▶ **WHAT TO PRODUCE**:
Only the lines from the one containing "(စစ်အုပ်စု အာဏာမသိမ်းခင်က ဖားကန့်မြို့တစ်​​နေရာ။ဓါတ်ပုံ-CJ)" through the end of the listing belong in the answer, repeated exactly, with no pictures.

▶ **DATASET EXCERPTS**:
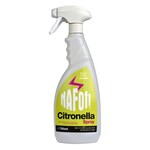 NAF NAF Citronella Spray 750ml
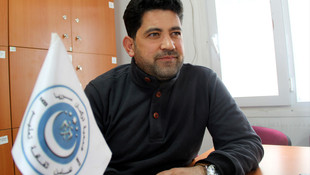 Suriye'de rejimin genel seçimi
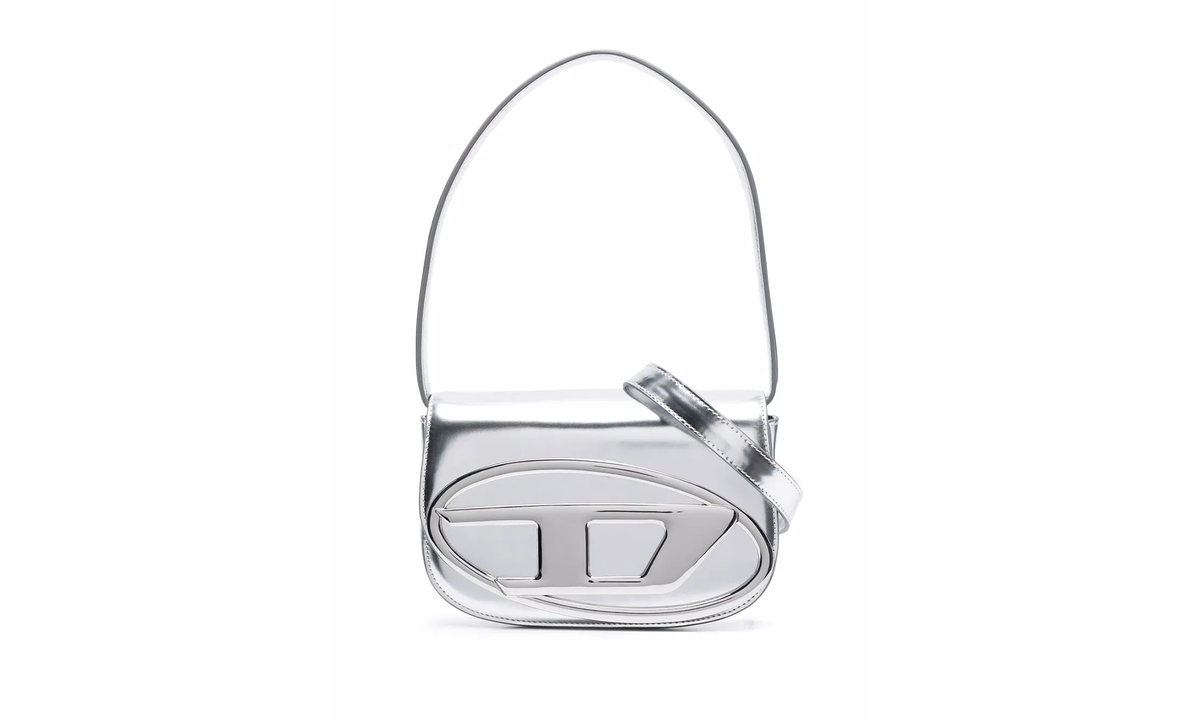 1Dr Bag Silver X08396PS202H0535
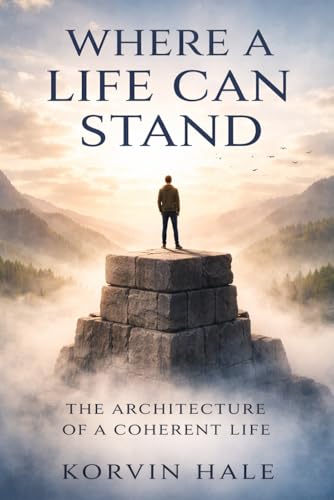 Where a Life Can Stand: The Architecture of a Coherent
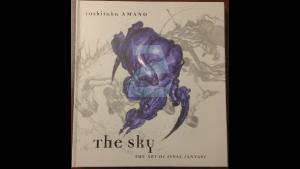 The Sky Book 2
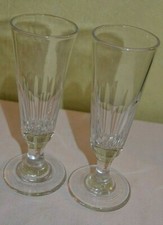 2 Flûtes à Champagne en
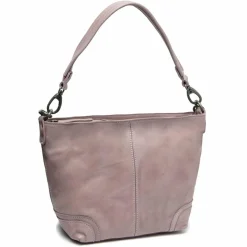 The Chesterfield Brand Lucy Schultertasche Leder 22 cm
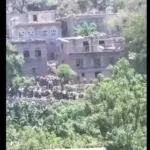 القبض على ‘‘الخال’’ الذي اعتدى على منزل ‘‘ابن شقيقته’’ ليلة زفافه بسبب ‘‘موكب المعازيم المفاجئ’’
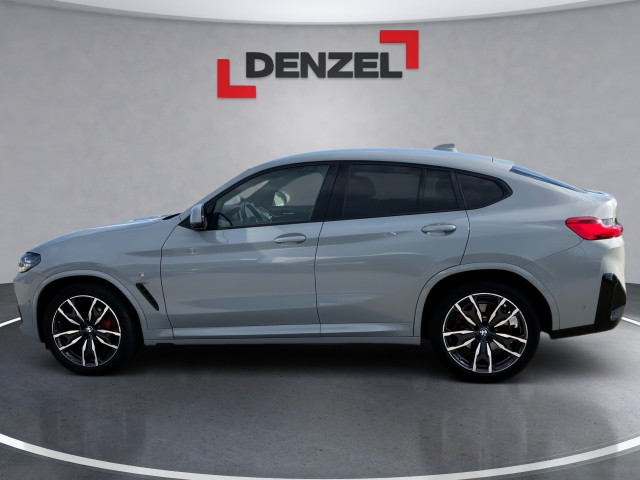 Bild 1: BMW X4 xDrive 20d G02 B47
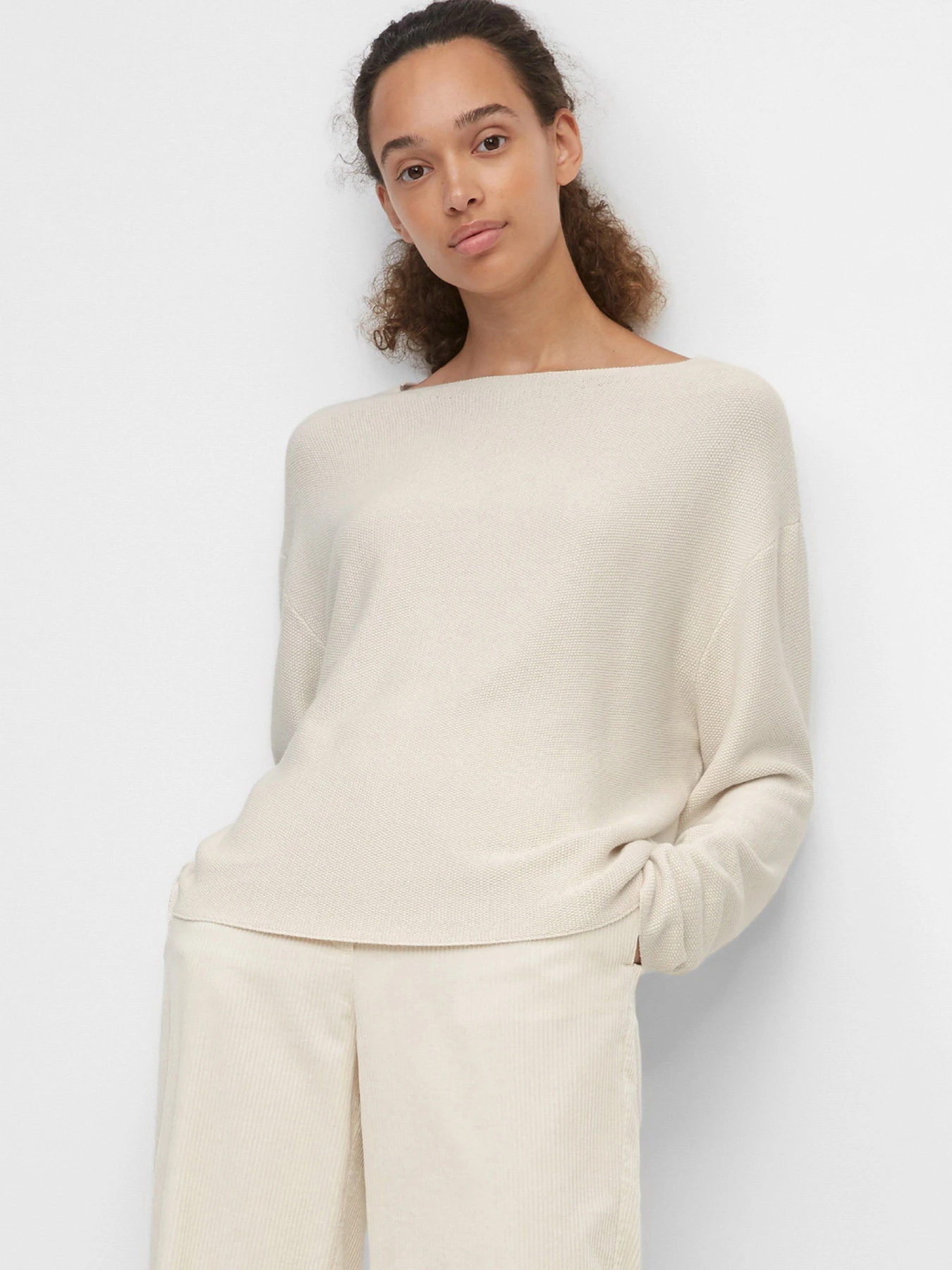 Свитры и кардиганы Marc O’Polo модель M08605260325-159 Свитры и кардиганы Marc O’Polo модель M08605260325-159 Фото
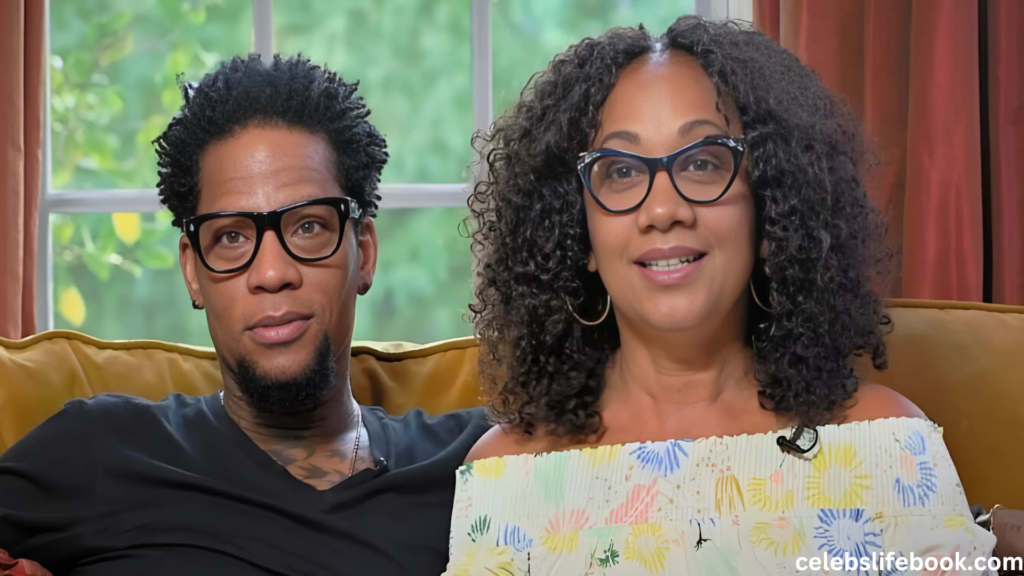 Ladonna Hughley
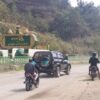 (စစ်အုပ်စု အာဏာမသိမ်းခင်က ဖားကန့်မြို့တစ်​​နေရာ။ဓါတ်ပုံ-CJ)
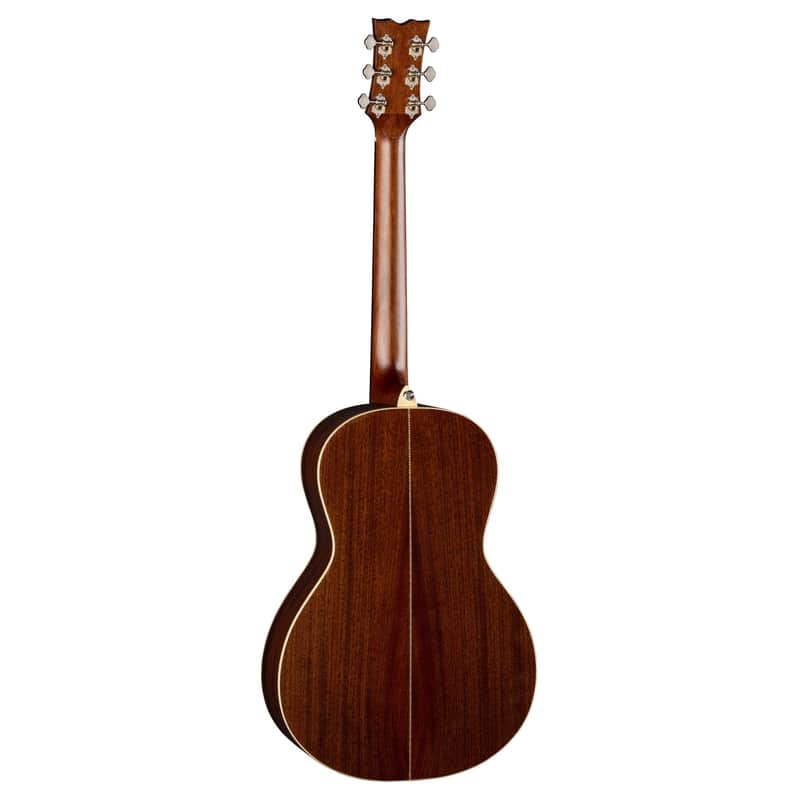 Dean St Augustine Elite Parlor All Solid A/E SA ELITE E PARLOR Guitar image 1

▶ **RESPONSE FOR THIS EXERCISE**:
 (စစ်အုပ်စု အာဏာမသိမ်းခင်က ဖားကန့်မြို့တစ်​​နေရာ။ဓါတ်ပုံ-CJ)
 Dean St Augustine Elite Parlor All Solid A/E SA ELITE E PARLOR Guitar image 1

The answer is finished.